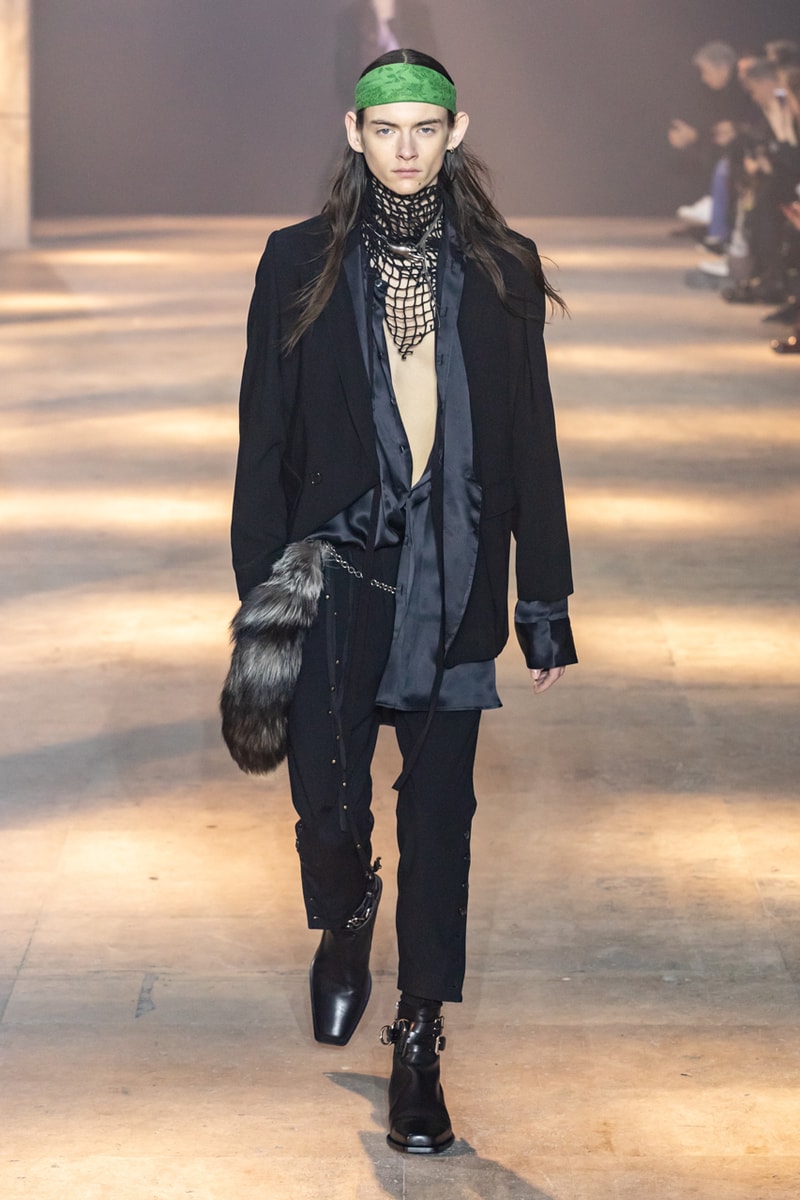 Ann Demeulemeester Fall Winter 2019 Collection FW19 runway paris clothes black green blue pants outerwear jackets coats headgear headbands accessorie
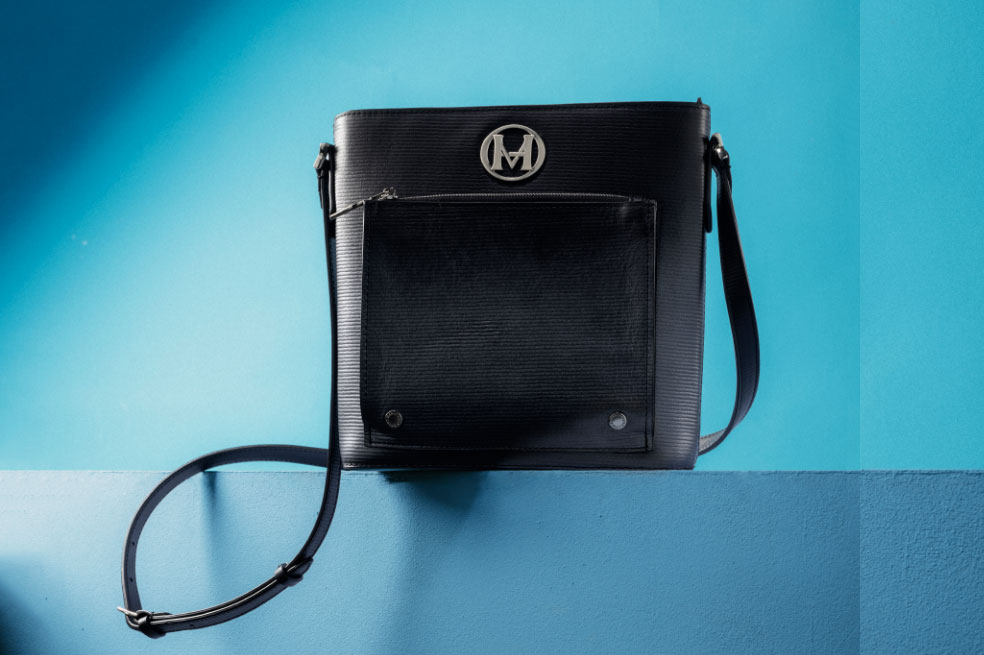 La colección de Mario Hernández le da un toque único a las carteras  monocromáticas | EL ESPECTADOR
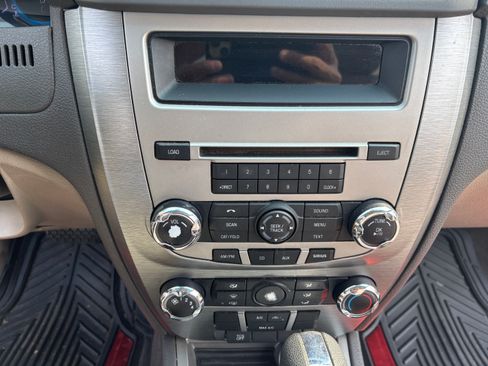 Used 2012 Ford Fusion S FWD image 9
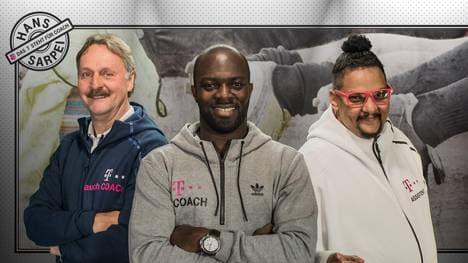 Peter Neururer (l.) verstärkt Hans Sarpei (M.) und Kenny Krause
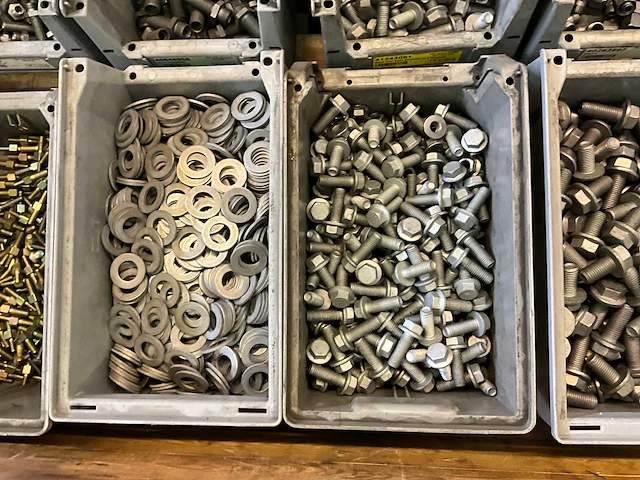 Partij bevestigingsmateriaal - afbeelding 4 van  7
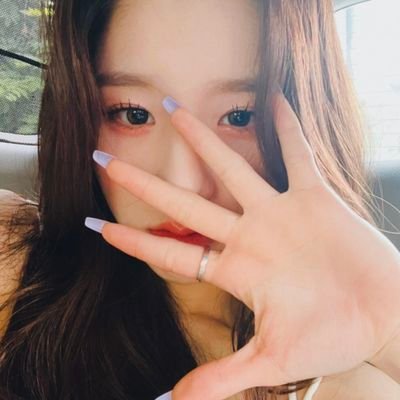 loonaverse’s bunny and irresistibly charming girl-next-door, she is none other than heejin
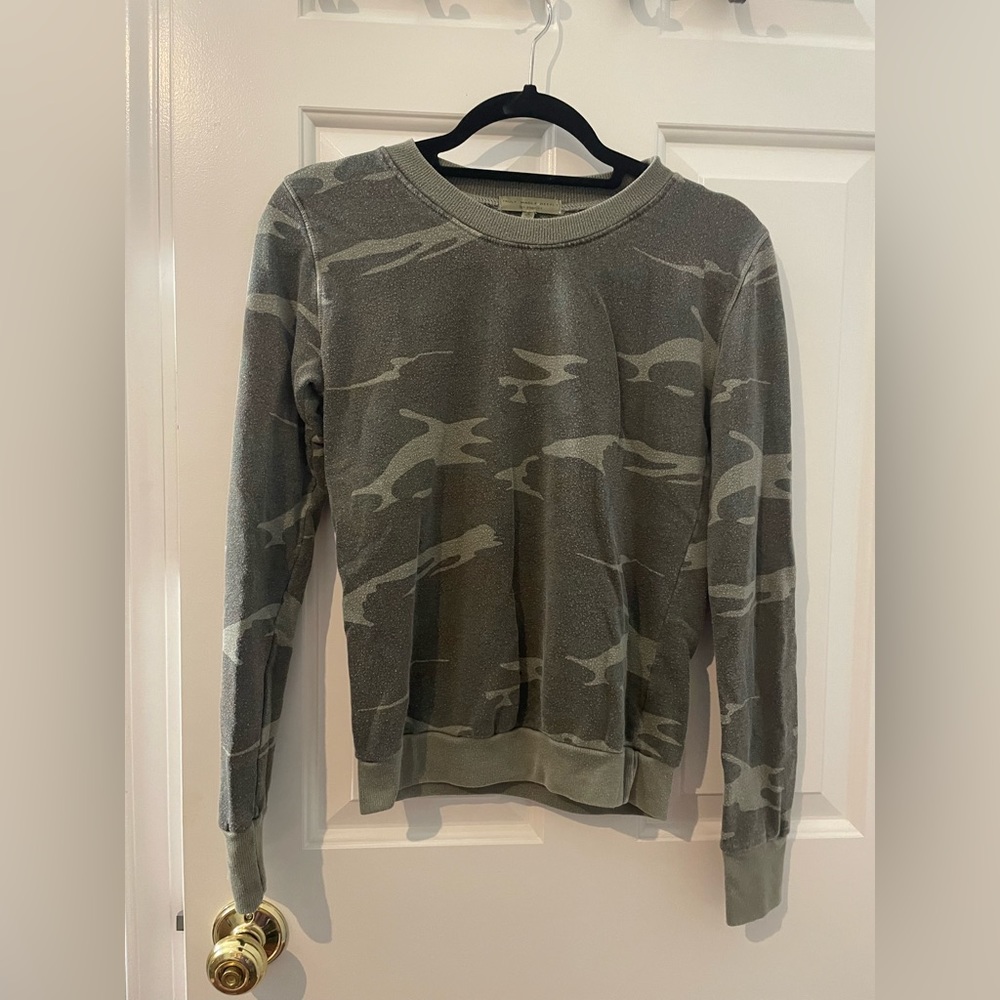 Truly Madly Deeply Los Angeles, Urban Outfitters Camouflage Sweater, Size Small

======

#### What is expected
The entries above need to be printed again exactly; please exclude all pictures.

#### Task solution
 Ann Demeulemeester Fall Winter 2019 Collection FW19 runway paris clothes black green blue pants outerwear jackets coats headgear headbands accessorie
 La colección de Mario Hernández le da un toque único a las carteras  monocromáticas | EL ESPECTADOR
 Used 2012 Ford Fusion S FWD image 9
 Peter Neururer (l.) verstärkt Hans Sarpei (M.) und Kenny Krause
 Partij bevestigingsmateriaal - afbeelding 4 van  7
 loonaverse’s bunny and irresistibly charming girl-next-door, she is none other than heejin
 Truly Madly Deeply Los Angeles, Urban Outfitters Camouflage Sweater, Size Small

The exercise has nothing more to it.